Task description -> When you copy the material below, keep every line exact and leave each picture out.

Data section ->

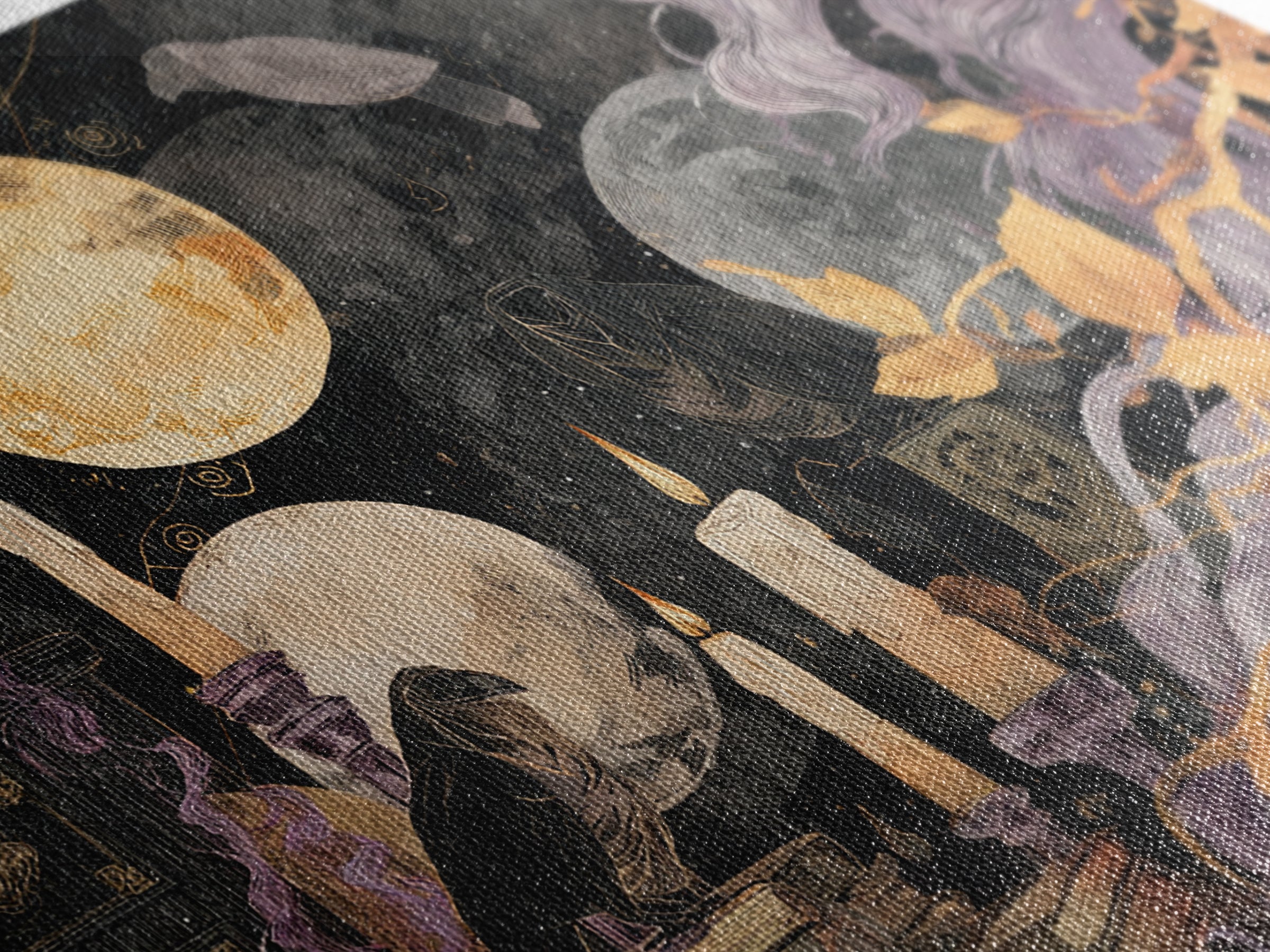 The Witch Astronomical Cabinet - Procession Scene, Spooky Wall Decor, Landscape Wall Art, Framed Canvas Print, Halloween Home Decor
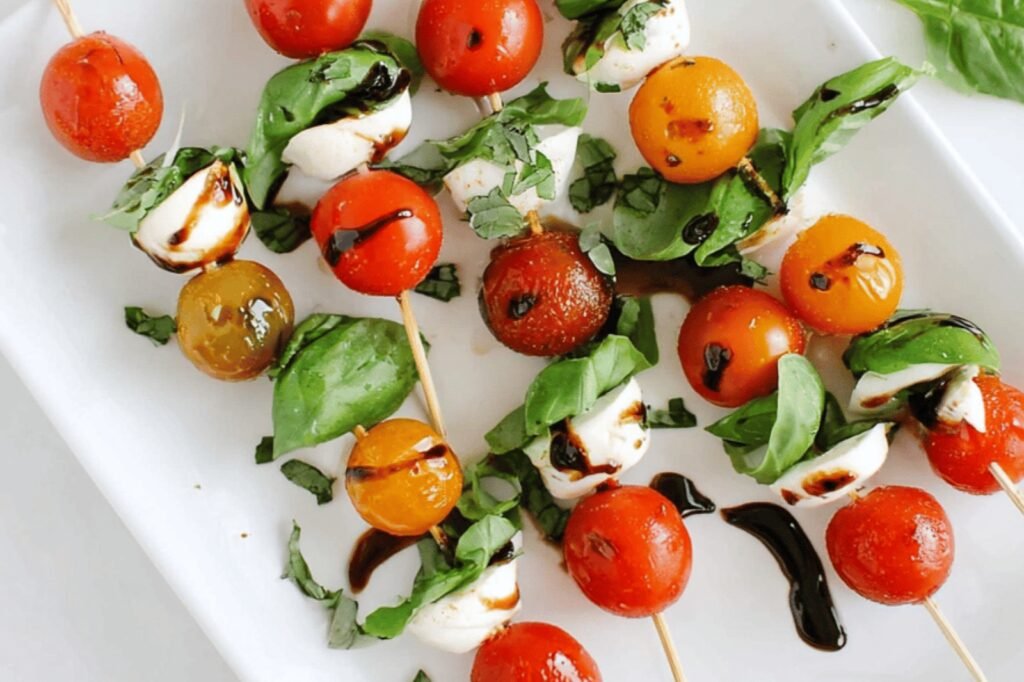 Fresh Caprese Skewers with Balsamic Glaze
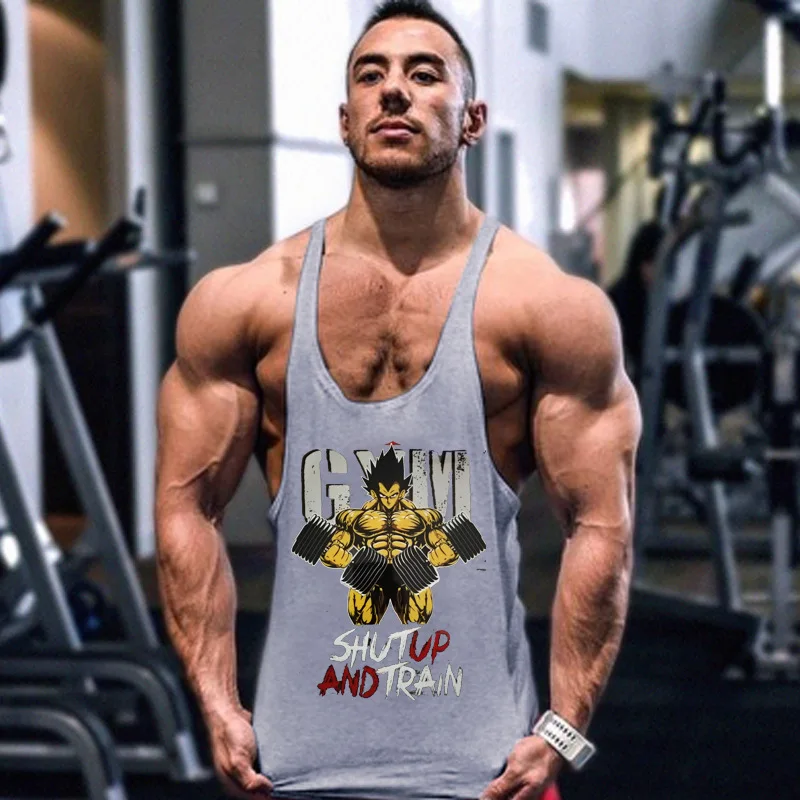 Summer Y Back Gym Stringer Tank Top Men Cotton Clothing Bodybuilding Sleeveless Shirt Running Vest Muscle Singlets Workout Tank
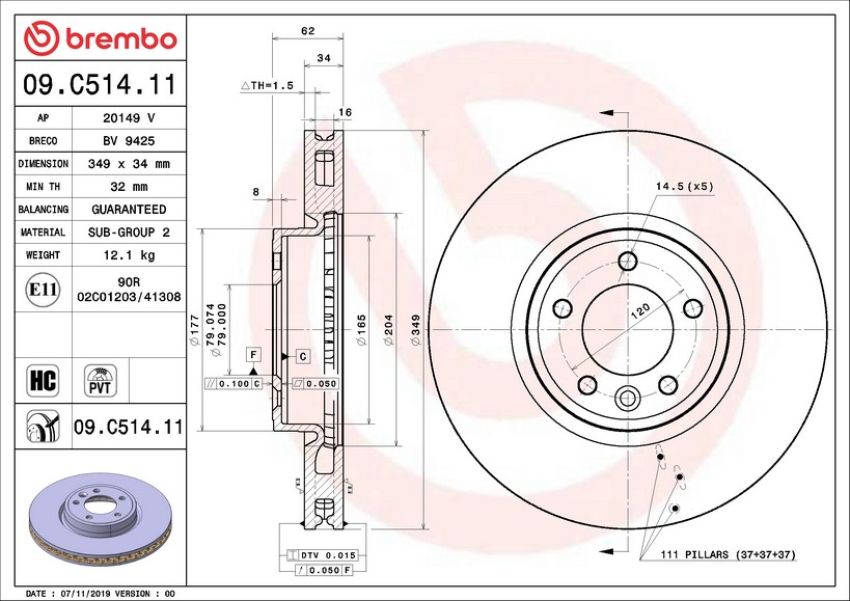 Brembo 09.C514.11 Premium Coated Vented Brake Rotor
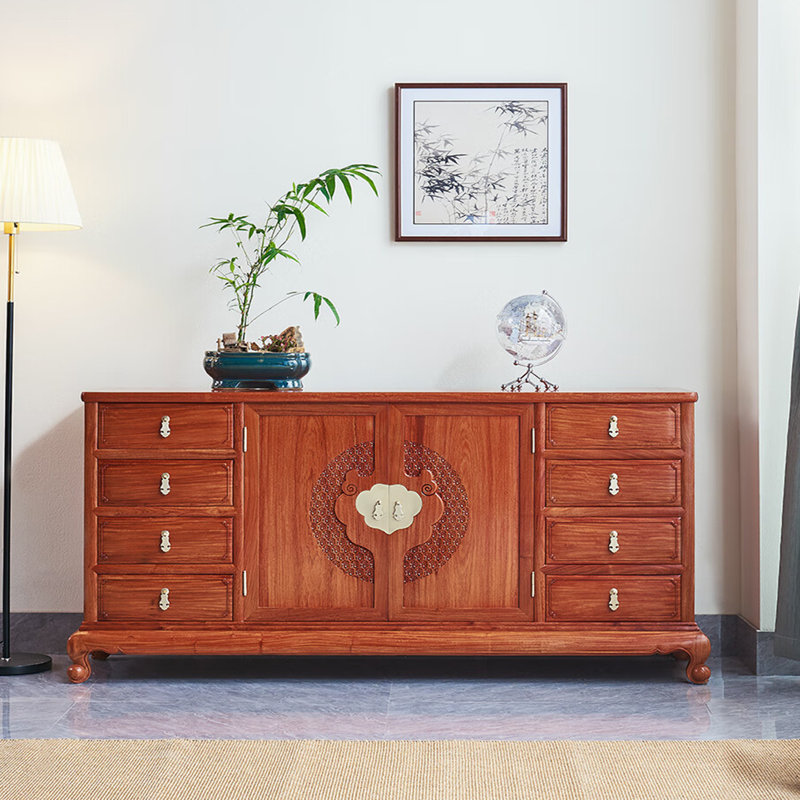 Buffet luxueux rétro de style chinois, H 33,8 po x l 67,7 po x P 18,9 po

Result of this task ->
 The Witch Astronomical Cabinet - Procession Scene, Spooky Wall Decor, Landscape Wall Art, Framed Canvas Print, Halloween Home Decor
 Fresh Caprese Skewers with Balsamic Glaze
 Summer Y Back Gym Stringer Tank Top Men Cotton Clothing Bodybuilding Sleeveless Shirt Running Vest Muscle Singlets Workout Tank
 Brembo 09.C514.11 Premium Coated Vented Brake Rotor
 Buffet luxueux rétro de style chinois, H 33,8 po x l 67,7 po x P 18,9 po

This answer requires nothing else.